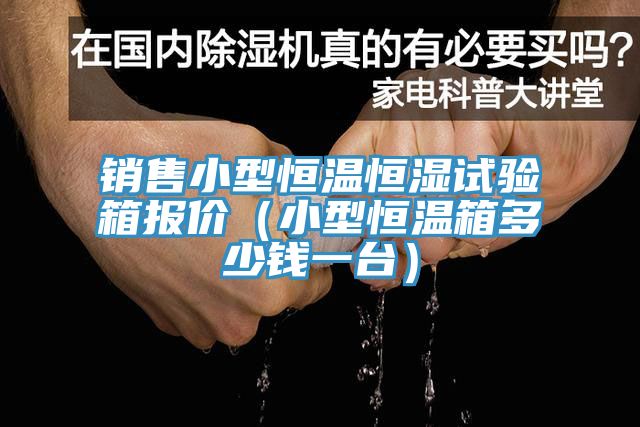 銷售小型恒溫恒濕試驗箱報價(小型恒溫箱多少錢一臺)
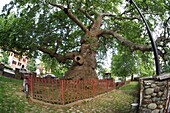 ancient plane tree in Marash Park, Prizren, Kosovo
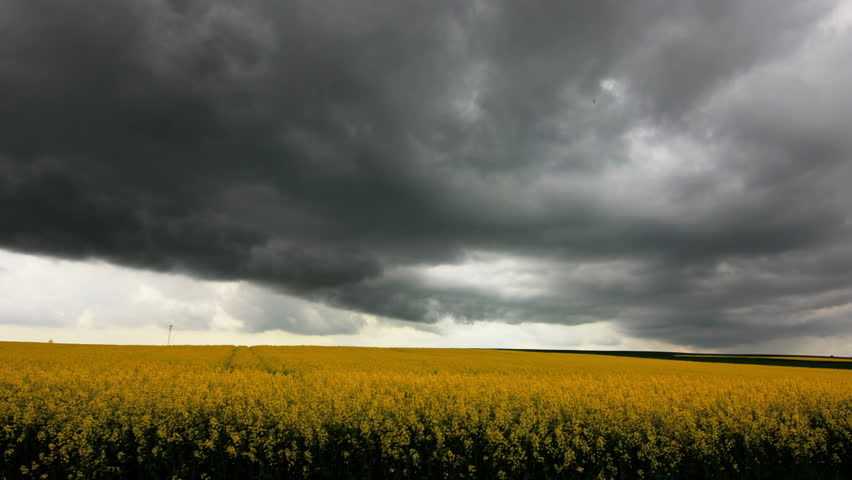 Black clouds and heavy rain over canola field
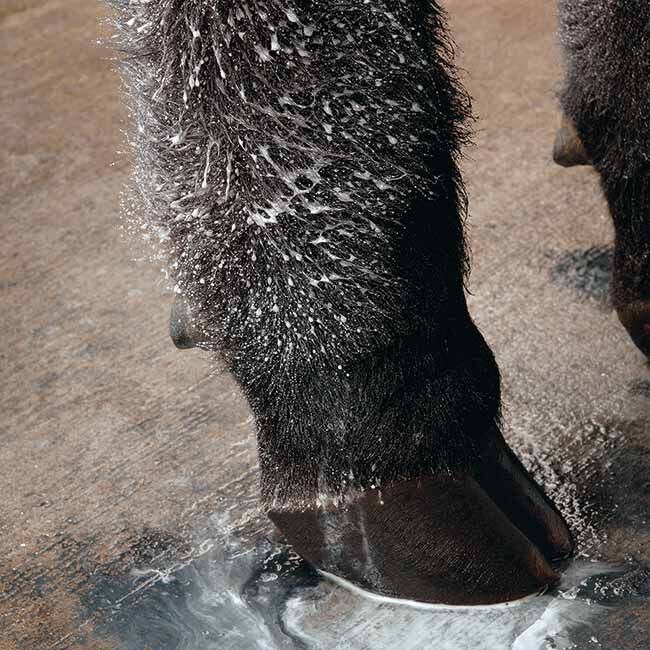 Weaver Livestock ProRefit - Adhesive & Paint Remover - 14 oz image number null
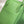 HM LINDY 30 BAG KELLY GREEN TAURILLON CLEMENCE LEATHER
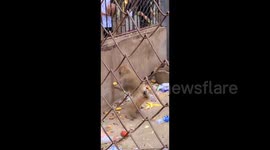 Monkey 'thanks' tourist with dramatic bows over potato gift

---

**What you are asked to do**: Leave the pictures out, then output exactly the lines from the "Weaver Livestock ProRefit" line through the end of the records above, and no others.

**Your response**:
 Weaver Livestock ProRefit - Adhesive & Paint Remover - 14 oz image number null
 HM LINDY 30 BAG KELLY GREEN TAURILLON CLEMENCE LEATHER
 Monkey 'thanks' tourist with dramatic bows over potato gift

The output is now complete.